Crawled caption data:
————

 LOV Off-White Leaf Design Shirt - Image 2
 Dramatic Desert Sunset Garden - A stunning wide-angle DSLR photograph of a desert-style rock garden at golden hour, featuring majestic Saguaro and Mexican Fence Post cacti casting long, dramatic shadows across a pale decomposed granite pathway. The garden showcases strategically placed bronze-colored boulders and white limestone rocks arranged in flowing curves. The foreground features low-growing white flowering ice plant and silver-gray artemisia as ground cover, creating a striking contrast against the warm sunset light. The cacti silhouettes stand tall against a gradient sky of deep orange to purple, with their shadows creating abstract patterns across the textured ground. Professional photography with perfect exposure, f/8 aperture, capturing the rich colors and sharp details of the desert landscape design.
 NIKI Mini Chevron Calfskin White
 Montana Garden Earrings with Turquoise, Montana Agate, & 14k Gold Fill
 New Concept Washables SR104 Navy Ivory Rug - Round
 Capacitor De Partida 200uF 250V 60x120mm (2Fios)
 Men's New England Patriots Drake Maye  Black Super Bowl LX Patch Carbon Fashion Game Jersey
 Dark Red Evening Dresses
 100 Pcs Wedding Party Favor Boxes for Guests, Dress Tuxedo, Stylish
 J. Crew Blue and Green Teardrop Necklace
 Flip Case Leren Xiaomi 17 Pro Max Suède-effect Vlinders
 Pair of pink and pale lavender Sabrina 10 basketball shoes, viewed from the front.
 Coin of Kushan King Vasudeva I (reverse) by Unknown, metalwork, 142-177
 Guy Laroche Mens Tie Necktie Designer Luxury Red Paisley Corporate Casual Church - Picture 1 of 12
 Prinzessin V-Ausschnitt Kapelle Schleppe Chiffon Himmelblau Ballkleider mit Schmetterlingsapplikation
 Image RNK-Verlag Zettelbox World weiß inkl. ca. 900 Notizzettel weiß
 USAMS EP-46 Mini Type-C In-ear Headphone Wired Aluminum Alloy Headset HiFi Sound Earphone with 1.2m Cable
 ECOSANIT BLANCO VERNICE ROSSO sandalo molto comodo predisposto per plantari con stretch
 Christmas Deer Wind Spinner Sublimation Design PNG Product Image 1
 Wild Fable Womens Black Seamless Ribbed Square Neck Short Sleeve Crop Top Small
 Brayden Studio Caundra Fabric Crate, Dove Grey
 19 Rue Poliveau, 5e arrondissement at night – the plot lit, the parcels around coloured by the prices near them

————

• _WORK TO COMPLETE_
All entries must be repeated verbatim.

• _RESPONSE FOR THIS EXERCISE_
 LOV Off-White Leaf Design Shirt - Image 2
 Dramatic Desert Sunset Garden - A stunning wide-angle DSLR photograph of a desert-style rock garden at golden hour, featuring majestic Saguaro and Mexican Fence Post cacti casting long, dramatic shadows across a pale decomposed granite pathway. The garden showcases strategically placed bronze-colored boulders and white limestone rocks arranged in flowing curves. The foreground features low-growing white flowering ice plant and silver-gray artemisia as ground cover, creating a striking contrast against the warm sunset light. The cacti silhouettes stand tall against a gradient sky of deep orange to purple, with their shadows creating abstract patterns across the textured ground. Professional photography with perfect exposure, f/8 aperture, capturing the rich colors and sharp details of the desert landscape design.
 NIKI Mini Chevron Calfskin White
 Montana Garden Earrings with Turquoise, Montana Agate, & 14k Gold Fill
 New Concept Washables SR104 Navy Ivory Rug - Round
 Capacitor De Partida 200uF 250V 60x120mm (2Fios)
 Men's New England Patriots Drake Maye  Black Super Bowl LX Patch Carbon Fashion Game Jersey
 Dark Red Evening Dresses
 100 Pcs Wedding Party Favor Boxes for Guests, Dress Tuxedo, Stylish
 J. Crew Blue and Green Teardrop Necklace
 Flip Case Leren Xiaomi 17 Pro Max Suède-effect Vlinders
 Pair of pink and pale lavender Sabrina 10 basketball shoes, viewed from the front.
 Coin of Kushan King Vasudeva I (reverse) by Unknown, metalwork, 142-177
 Guy Laroche Mens Tie Necktie Designer Luxury Red Paisley Corporate Casual Church - Picture 1 of 12
 Prinzessin V-Ausschnitt Kapelle Schleppe Chiffon Himmelblau Ballkleider mit Schmetterlingsapplikation
 Image RNK-Verlag Zettelbox World weiß inkl. ca. 900 Notizzettel weiß
 USAMS EP-46 Mini Type-C In-ear Headphone Wired Aluminum Alloy Headset HiFi Sound Earphone with 1.2m Cable
 ECOSANIT BLANCO VERNICE ROSSO sandalo molto comodo predisposto per plantari con stretch
 Christmas Deer Wind Spinner Sublimation Design PNG Product Image 1
 Wild Fable Womens Black Seamless Ribbed Square Neck Short Sleeve Crop Top Small
 Brayden Studio Caundra Fabric Crate, Dove Grey
 19 Rue Poliveau, 5e arrondissement at night – the plot lit, the parcels around coloured by the prices near them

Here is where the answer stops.